I've been following the development of Knol and, well, I don't like it. Despite all Google's efforts to put its own media and content-provider right up there with Wikipedia when I do a Google search, I find Knol entries typically self-promoting and lacking all of the interesting debates that make Wikipedia exciting. They also tend to be very Western-centered, more infomercials than information.
It's clear Google is doing everything to promote its own "authorized" news source. In an article in the New York Times for August 11, 2008, "Is Google a Media Company?," Miquel Helft knows that Knol, which Google owns, is rekindlign fears among some media companies that Google is edging in on their turf. But it is more than that. Google searches seem to turn up Knol results more than other results, although Google denies that it is fudging. Yet, as this image shows, even in its second day of existence, Knol's entries were turning up right under Wikipedia in Google searches. Remember back in the day, how people worried about "pipes" and "content," and wanted them kept separate. Google these days is pipes, content, the whole shebang, more and more.
But the larger issue is what Knol is about. it's less about "authorship" and "credentials," to my mind, than self-advertising, self-promotion, and single-minded and narrow-minded points of view. What I love about Wikipedia is precisely that multiple points of view prevail. Take a look at the Wikipedia essay on "the senses" and you'll see what I mean.
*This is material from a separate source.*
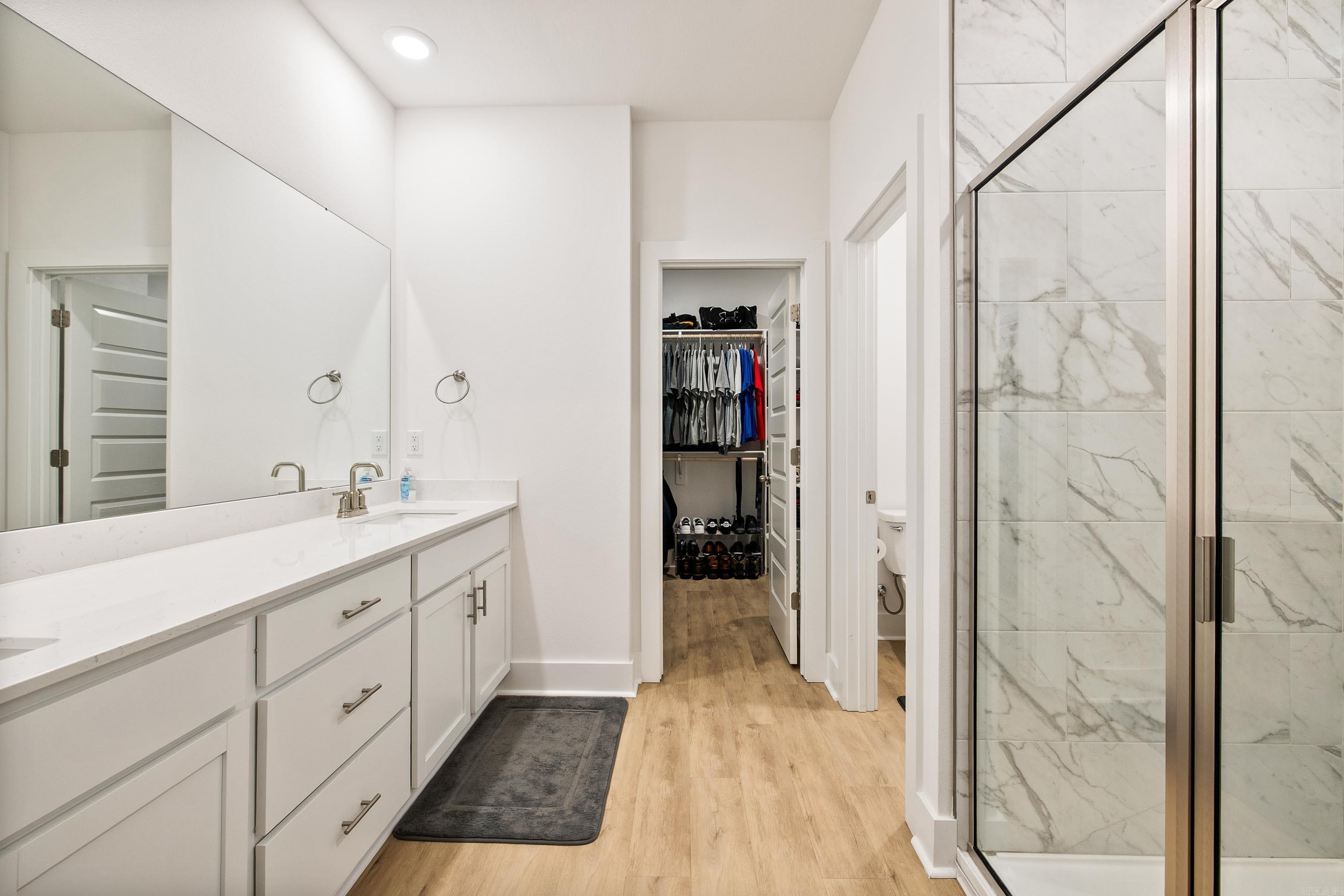 THE RESERVE AT COUNTRY CLUB PHAS - Residential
The fact is, our "five senses" goes back to Aristotle and we still believe in them and teach them to children even though there is nothing sacrosanct about them at all. Here's part of that long and interesting Wikipedia entry:
"There is no firm agreement among neurologists as to the number of senses because of differing definitions of what constitutes a sense. One definition states that an exteroceptive sense is a faculty by which outside stimuli are perceived.[1] The traditional five senses are sight, hearing, touch, smell, taste: a classification attributed to Aristotle.[2] Humans also have at least six additional senses (a total of eleven including interoceptive senses) that include: nociception (pain), equilibrioception (balance), proprioception & kinesthesia (joint motion and acceleration), sense of time, thermoception (temperature differences), and in some a weak magnetoception (direction)[3]. One commonly recognized catagorisation for human senses is as follows: chemoreception; photoreception; mechanoreception; and thermoception. Indeed, all human senses fit into one of these four categories.Different senses also exist in other organisms, for example electroreception.
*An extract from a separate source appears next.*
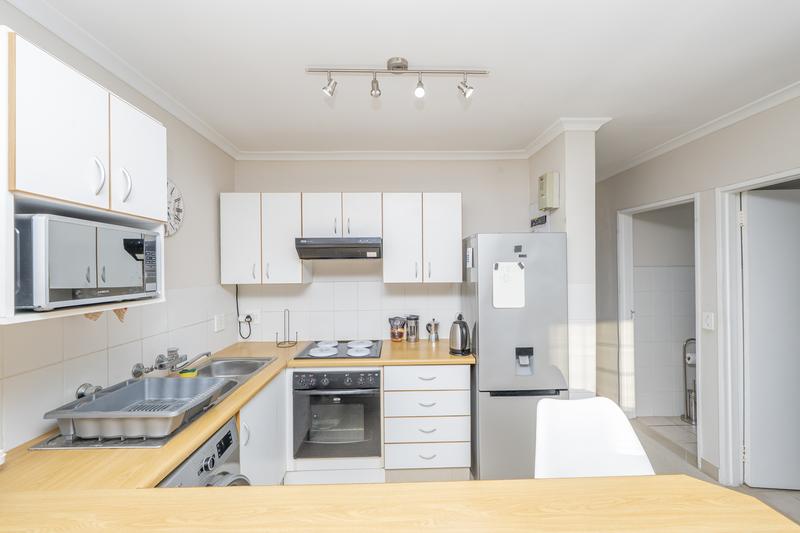 To Let 2 Bedroom Property for Rent in Protea Heights Western Cape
A broadly acceptable definition of a sense would be "a system that consists of a group sensory cell types that responds to a specific physical phenomenon, and that corresponds to a particular group of regions within the brain where the signals are received and interpreted." Disputes about the number of senses arise typically regarding the classification of the various cell types and their mapping to regions of the brain."
If I search for "senses" on Knol, I get a list of arguments from dull to duller, and none of them tell me what I want: "Marketelligent Declaration" by Bhupendra Khanal, "Counting Carbohydrates for Diabetes" by David Edelman, "Ten Common Sense Portion Control Strategies for Long-Term Weight Loss" by Eric White, "A Hearing Aid Compatible Headset Can Reopen the Sense of sound," "Common Sense About Difficulties in the Bible," "Writing Well: Use Your Senses."
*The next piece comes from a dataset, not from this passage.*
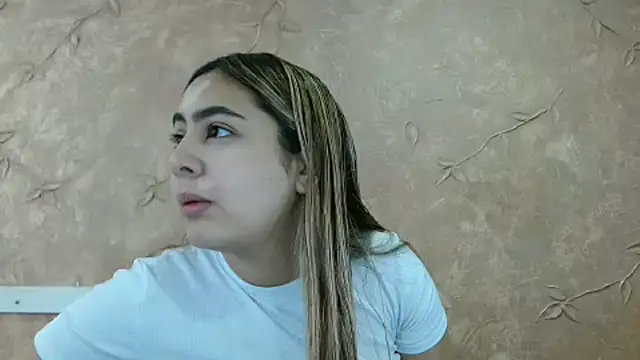 Miabonnett  online show from 03-14-25, 12:07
Knol flaunts authorship and credentials. Really? Not in the list above. It has a long, long way to go before it is anything close to interesting in the Wikipedia way---but Google may well be sending you there first because, of course, hits mean revenue, hits allow for better data collection, hits allow for target marketing. ...
Comments (1)
I don't know why google is being criticized for starting knol.
Google created a blogging platform or bought it and made it a part of google. Now it initiated a wiki platform called Knol.
People think google will give preference to its platforms in search. May be. But then public will not go to it for searching if google fails to provide the best information in its search results. In search business I do not see any feature that creates a monopoly.
Google is providing an opportunity for many people to create mini wiki encyclopedias in their subjects of interest and competence and under their editorship. Certainly some people are going to come out with outstanding mini encyclopedias on Google Knol and thus contribute to the knowledge base of the world.
One only hopes Google Knol platform will become profitable and survive for a long time.